Input: "Our Beverages category did $48M last year, down 3.2% vs. prior year. We have weekly POS data for 52 weeks, 280 SKUs across carbonated, water, juice, energy, and tea subcategories. Help me understand what's driving the decline."

Output:

  1. Health Scorecard: Overall grade C — Revenue declining, units declining faster (−5.1%), ASP up +2.0% masking volume weakness. Traffic yellow, conversion red.
  2. Growth Bridge: Traffic (−$0.4M) + Conversion (−$1.1M) + Basket (−$0.3M) + Price/Mix (+$0.2M) = −$1.6M total decline
  3. Root Cause: Conversion is the primary drag.

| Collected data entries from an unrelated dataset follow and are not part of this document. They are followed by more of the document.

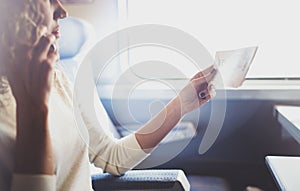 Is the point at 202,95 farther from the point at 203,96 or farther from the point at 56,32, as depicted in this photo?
the point at 56,32

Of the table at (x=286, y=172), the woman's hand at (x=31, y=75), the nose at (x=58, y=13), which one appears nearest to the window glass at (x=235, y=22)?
the table at (x=286, y=172)

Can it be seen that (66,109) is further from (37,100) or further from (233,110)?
(233,110)

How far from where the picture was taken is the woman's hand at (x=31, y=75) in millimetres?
484

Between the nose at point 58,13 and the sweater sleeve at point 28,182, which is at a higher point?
the nose at point 58,13

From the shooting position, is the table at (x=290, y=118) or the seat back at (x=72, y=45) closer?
the seat back at (x=72, y=45)

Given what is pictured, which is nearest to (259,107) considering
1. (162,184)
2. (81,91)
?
(162,184)

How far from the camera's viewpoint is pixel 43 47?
519 millimetres

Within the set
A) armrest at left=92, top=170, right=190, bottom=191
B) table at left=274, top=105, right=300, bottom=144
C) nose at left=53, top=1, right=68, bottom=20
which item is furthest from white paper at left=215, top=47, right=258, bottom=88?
nose at left=53, top=1, right=68, bottom=20

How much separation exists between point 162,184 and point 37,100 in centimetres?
42

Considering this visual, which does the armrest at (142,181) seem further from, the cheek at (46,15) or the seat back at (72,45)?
the cheek at (46,15)

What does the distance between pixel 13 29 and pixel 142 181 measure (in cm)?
50

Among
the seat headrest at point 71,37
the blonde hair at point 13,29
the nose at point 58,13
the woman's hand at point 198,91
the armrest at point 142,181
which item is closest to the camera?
the blonde hair at point 13,29

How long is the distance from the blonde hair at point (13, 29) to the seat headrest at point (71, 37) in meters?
0.15

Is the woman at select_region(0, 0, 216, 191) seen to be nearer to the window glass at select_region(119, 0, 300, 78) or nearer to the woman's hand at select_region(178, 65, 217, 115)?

Deep dive reveals: (a) Carbonated soft drinks lost 12% of units due to out-of-stocks on the #2 and #3 brands during a supplier disruption (Q2); (b) Juice subcategory declined $0.6M as consumers shifted to flavored water, which is under-assorted (only 8 SKUs vs. 22 at key competitor); (c) Energy subcategory grew +14% but doesn't offset core declines.
  4. Action Plan: P1 — Fix CSD supply chain ($0.8M recovery). P2 — Expand flavored water assortment by 10 SKUs ($0.5M). P3 — Increase energy shelf space to match growth trajectory ($0.3M).

Guidelines

  • Always decompose before diagnosing — resist jumping to conclusions from headline numbers
  • Present the "so what" after every data point; diagnosis without interpretation is not useful
  • Distinguish between cyclical effects (weather, seasonality) and structural shifts (consumer behavior change)
  • Compare category performance to total market growth, not just prior period — a category growing 2% in a market growing 6% is underperforming
  • Account for calendar shifts (Easter timing, extra/fewer selling days) in YoY comparisons
  • If promotional volume is high, separate base volume trends from promoted volume trends
  • Flag data quality issues explicitly rather than drawing conclusions from unreliable inputs
  • Consider external macro factors: inflation, consumer confidence, demographic shifts
  • The diagnosis should tell a story, not just present numbers — lead with the narrative

Validation Checklist

  • Growth bridge components sum to total ΔRevenue (within rounding tolerance)
  • Both volume and value decompositions are presented
  • Year-over-year and vs.-plan comparisons are included
  • At least 3 subcategories are analyzed in detail
  • Root causes are supported by data, not assumptions
  • External/market context is referenced (market growth rate, share trends)
  • Recommendations are sized with estimated revenue impact
  • Promotional vs. base volume trends are separated
  • Seasonal and calendar effects are accounted for
  • The narrative answers "What happened? Why? What now?"